I suppose struggle is a relative term. I moved around a lot before high school. This meant that I had holes in my math background that made it difficult to grasp things the first time I saw a more advanced concept built on a hole in my background. Nevertheless, I did quite well in Math because I was willing to look repeatedly at what I did not understand till I did.
did math get better or worse in college?
Generally, Math pedagogy is about building up on prior knowledge.
If you have the prerequisite knowledge incorporated into your thinking, then the new things are quite straightforward (and math gets easier going forward). If you don't, then the new ideas can seem like nonsense. But when this happens, a relatively easy remedy is:
1) identifying the missing prerequisites,
2) learning them, and then
3) reviewing the unfamiliar material that was built on top of that.
This does mean, however, that Math class grades (and science or engineering classes that use math) have a largely bimodal distribution. One mode is made of people who had the prerequisites, or were willing and able to shore-up their missing pre-requisites (they pretty much ace the class), and another mode that did not (and they struggle hard).
I'm asking because i want to major in math but i've struggled from 9-11 grade.
My suggestion is that you spend a lot of time thinking of and describing the world in mathematics over the coming year and summer (like an immersion experience for a foreign language). Once the high school prerequisites are part of they way you can describe the world, then taking introductory college math is usually very easy.
It may even be ridiculously easy after this because many others haven't learned the language of mathematics. I'd imagine it is similar to how a native English speaker would feel in a college English Literature class, compared to a class of English as a Second Language students.
Senior year I have a tutor, but I love math and see many benifits to a math degree.
What is it that you love about math? Math is used in a lot of places...science and engineering, finance and economics, puzzles and games, and of course pure and applied mathematics. Depending on what you like, perhaps you can choose a major more suited to that.
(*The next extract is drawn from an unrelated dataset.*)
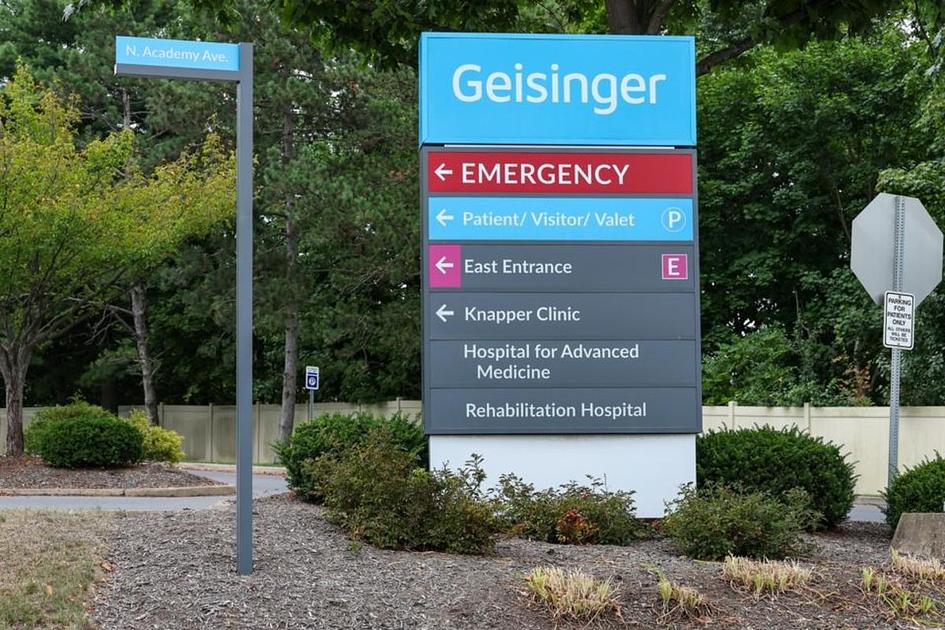 U.S. Measles Cases Top 3,600 as Philadelphia Issues Exposure Alerts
Is there a problem with math in high school education, if so what is it?
I think there is a huge problem among the students I see entering college. I am not sure when the problem started, but it came as a shock to me when I had to teach them.
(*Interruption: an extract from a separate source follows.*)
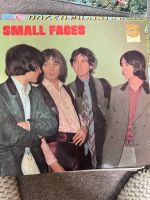 Small faces LP Vinyl Baden-Württemberg - Ravensburg Vorschau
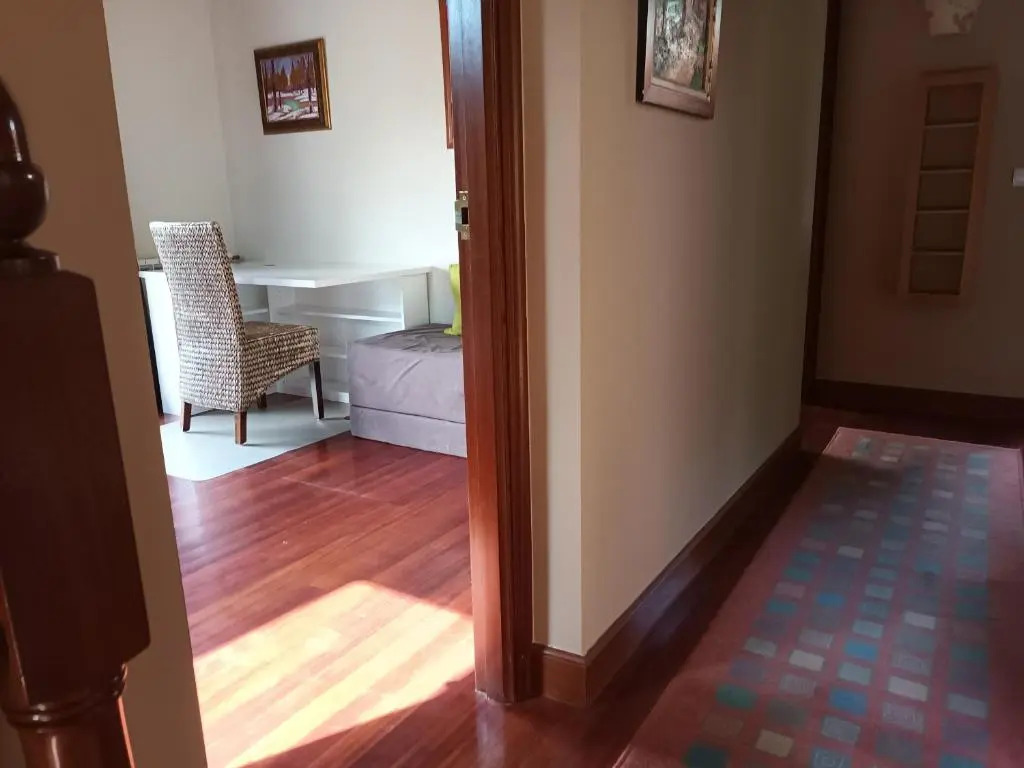 Maison Hendaye, 5 pièces, 8 personnes - FR-1-239-788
High school doesn't teach math, it seems. It teaches how to manipulate symbols following particular rules...or rather the mechanics of math. The mechanics of math is IMO left better to computational machines. I think the students realize this, so they just don't learn it. Mathematics is the science of patterns. High school students don't seem to understand this because Math is not taught that way.
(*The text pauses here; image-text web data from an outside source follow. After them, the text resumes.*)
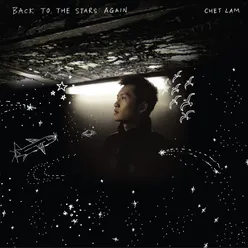 Back to the Stars Again 中文版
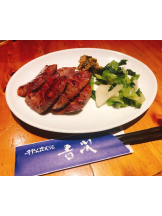 Pick up - なつの女の子ブログ画像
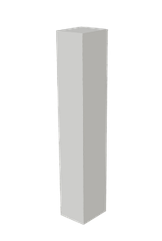 Колонна К-39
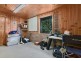 83 Manuka Drive, Romaine TAS 7320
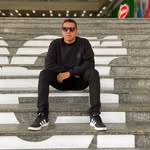 𝑯𝒆𝒓𝒃𝒆𝒓𝒕 𝑪𝒂𝒎𝒑𝒐𝒔 - @herbert_camposp - Instagram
There is another side to this too. It seems like some people don't want "rote learning" as part of math education. I empathize. However, being able to do two digit addition and subtraction as well as one digit multiplication and division is the least we can ask.
In addition to the above, math was seen in the U.S. as something only "smart and nerdy" people did. This attitude seems to be being exported quite broadly across the globe lately. Even a decade ago, the people I talked to in India didn't connect Math skill with social traits or intelligence. Learning math was treated similarly to learning to read and write their native language or English. This was simply something people did in order to become educated. Now, they talk about "not having to break their heads", in relation to jobs and courses that require mathematics.